The crone clung to him, whimpering now. “Make him go away. Make him go away.” Kaoru made soothing noises and took her to the far corner of the house, where he bedded her down and gently wrapped a blanket around her. Yasuko took her a bowl of food, and Kaoru returned to Hitomaro.
“Grandmother is a shamaness,” he said. “Such women suffer great mental strain in their work. She’s been having spells of confusion for the past year, and today has been an especially bad day for her. I hope you will forgive her.”
“Of course, but what the devil was she talking about? What blood? Which dead?”
“She doesn’t know what she is saying. She’s old and weak and gets confused.”
Hitomaro said nothing. He had begun to wonder why this outcast woodcutter spoke like an educated man.
Yasuko brought a bamboo tray with fragrant pink chunks of fish nestled in green cabbage leaves. “She’s calm now,” she told Kaoru. “The fit started when she heard someone talk about the old lord’s death. I put your food next to her bed, Kaoru. Please sit with her for a little.” Turning to Hitomaro, she said, “I promised you salmon, and here it is.” She knelt beside him and selected a tempting piece with the chopsticks. Proffering it, she added, “You mustn’t be greedy though! The master said you are to eat lightly, and I mean to make sure you behave.”

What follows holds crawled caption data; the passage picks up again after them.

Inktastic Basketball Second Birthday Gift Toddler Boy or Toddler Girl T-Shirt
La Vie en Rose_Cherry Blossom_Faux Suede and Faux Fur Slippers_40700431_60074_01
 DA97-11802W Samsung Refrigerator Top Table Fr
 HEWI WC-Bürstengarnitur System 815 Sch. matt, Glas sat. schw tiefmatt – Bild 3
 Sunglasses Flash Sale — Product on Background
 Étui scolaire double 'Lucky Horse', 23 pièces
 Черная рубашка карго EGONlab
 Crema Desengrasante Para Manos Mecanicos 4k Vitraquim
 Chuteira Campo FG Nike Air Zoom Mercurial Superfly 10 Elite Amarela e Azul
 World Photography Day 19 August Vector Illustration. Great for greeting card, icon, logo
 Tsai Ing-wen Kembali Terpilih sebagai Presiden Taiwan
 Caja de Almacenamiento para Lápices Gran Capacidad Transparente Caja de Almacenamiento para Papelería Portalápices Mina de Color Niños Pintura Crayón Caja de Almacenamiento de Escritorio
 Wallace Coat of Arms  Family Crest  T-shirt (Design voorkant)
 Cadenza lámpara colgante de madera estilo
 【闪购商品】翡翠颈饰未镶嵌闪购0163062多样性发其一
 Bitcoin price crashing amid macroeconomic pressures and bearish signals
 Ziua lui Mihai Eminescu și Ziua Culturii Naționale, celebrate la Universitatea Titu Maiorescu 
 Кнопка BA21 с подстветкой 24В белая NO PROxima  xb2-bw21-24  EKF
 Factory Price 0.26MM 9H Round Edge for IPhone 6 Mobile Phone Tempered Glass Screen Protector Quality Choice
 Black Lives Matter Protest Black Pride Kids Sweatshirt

She looked so charming with her face rosy in the firelight, that a man might well forget his manners. Hitomaro enjoyed the experience of being fed, and not only because the fish was delicious and he was hungry. He swallowed and thanked her, then asked, “Why would your grandmother be upset by old Uesugi’s death?”
“Otakushi is Kaoru’s grandmother. She used to visit Takata manor just as her mother did before her. They both had the gift of foretelling the future. It’s dangerous work. Otakushi’s mother once almost lost her life. She foretold that one of the lord’s sons would kill his brother.”
Kaoru appeared beside her, eyes blazing with anger. “Yasuko. Come.”
She looked up, startled. Gathering the tray with shaking hands, she told Hitomaro, “You must rest now,” and scurried away.
* * * *
SEVEN
FLUTE PLAY
I
n the gray predawn hour of the following morning, Akitada sat hunched over his desk, reading documents from the provincial archives. From time to time his eyes moved to a twist of paper and a scrap with some childish scrawls on it, and he muttered to himself.
Hamaya put his head in the door. “Did you wish for anything, your Excellency?”
“No, no! Just. . . you might glance outside and see if either of my lieutenants is about.”
Hamaya disappeared. Akitada shivered, took a sip from his teacup and made a face. The tea was cold already, and no wonder in this chilly place. If he could only shake this trouble in his belly, he might have more energy, ideas, solutions. The gods knew he needed them. Neither Tora nor Hitomaro had seen fit to make their reports last night as instructed. He had waited for hours. When he had finally gone to the room he shared with his wife, she had been fast asleep. Not wanting to disturb her, he had ended up spending the night in his office, hardly closing an eye, chilled to the bone by the icy drafts coming from the doors and through the walls.
Then, this morning, on his desk, he had found the mysterious twist of paper on top of one of Tora’s illegible notes. The paper contained some mud-colored bits smelling vaguely of dried grass and resembling rabbit dung.
The door opened. Hamaya said, “Lieutenant Tora is just...”
“Sorry, sir,” Tora mumbled, slinking past the clerk and dropping onto the mat across from Akitada. He looked uncharacteristically glum and sounded apologetic. “You were asleep when I got back, so I waited in the stable. I guess I dozed off. That fool of a constable had orders to tell me the minute you were up.”
Akitada said nothing but looked disapprovingly at the pieces of straw clinging to his lieutenant’s hair and clothes. Tora fidgeted, discovered the straw, and muttered another apology, adding, “I hope Dr. Oyoshi’s medicine worked, sir.” His eyes were on the twist of paper.
“Dr. Oyoshi?” Akitada’s heavy brows rose. “This illegible scrawl is about some medicine sent by him?” he asked sarcastically. “From what I could make out, I thought your nephew’s business was ailing, and he decided to write poems in praise of constipation.”